From 19-23 January 2015, UNESCO's World Heritage Centre, in cooperation with the International Union for the Conservation of Nature (IUCN), undertook a technical support mission to Belize with the objective of assisting the government in its efforts to prepare a road map for the removal of the Belize Barrier Reef from the List of World Heritage in Danger. Honorable Prime Minister Dean Barrow welcomed the UNESCO representatives and expressed his willingness to chart a course forward on key management requirements for a sustainable future for the reef. Prime Minister Barrow confirmed government’s policy position to prohibit oil exploitation within and adjacent to the protected areas in the Belize Barrier Reef System.

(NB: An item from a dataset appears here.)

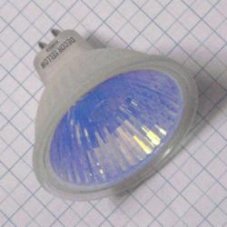 GE Žiarovka 12V 20W GU5,3 MR16 žltá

The Belize Barrier Reef is the second largest reef system in the world and forms part of a prestigious collection of iconic places listed as UNESCO World Heritage sites. The 1972 World Heritage Convention is aimed at ensuring that the exceptional values for which these sites are listed endure through government transitions so future generations can continue to enjoy them the same we do today. The Belize Barrier Reef was inscribed on the List of World Heritage in Danger in 2009 because of concerns on the sale, lease and development of mangrove islands and the absence of a solid regulatory framework aimed at ensuring its exceptional and unique values remain. Furthermore in 2010, the World Heritage Committee expressed its serious concerns about the potential for oil developments within and immediately adjacent to the iconic World Heritage site.
The mission was organized on the request of the Government of Belize as a follow up of the decision on the Belize Barrier Reef adopted by the World Heritage Committee (Decision 38COM7A.31) at its last session (Doha, 2014) and through the coordination of the Ministry of Forestry, Fisheries and Sustainable Development. Discussions were held with a wide cross spectrum of fisheries and tourism stakeholders, site managers and government officials. The mission also included a field visit to the South Water Caye Marine Reserve, one of the seven components that make up this unique World Heritage site. The mission resulted in a draft proposal for a Desired State of Conservation for removal of the site from the List of World Heritage in Danger and includes a suggested set of targets and time frame.
The technical support mission built on initiatives from the World Heritage Centre and UNESCO’s World Heritage Marine Programme to increase management effectiveness by using spatial planning approaches as a key-tool in marine conservation. The technical mission was made possible through the financial support of the Government of Flanders (Belgium).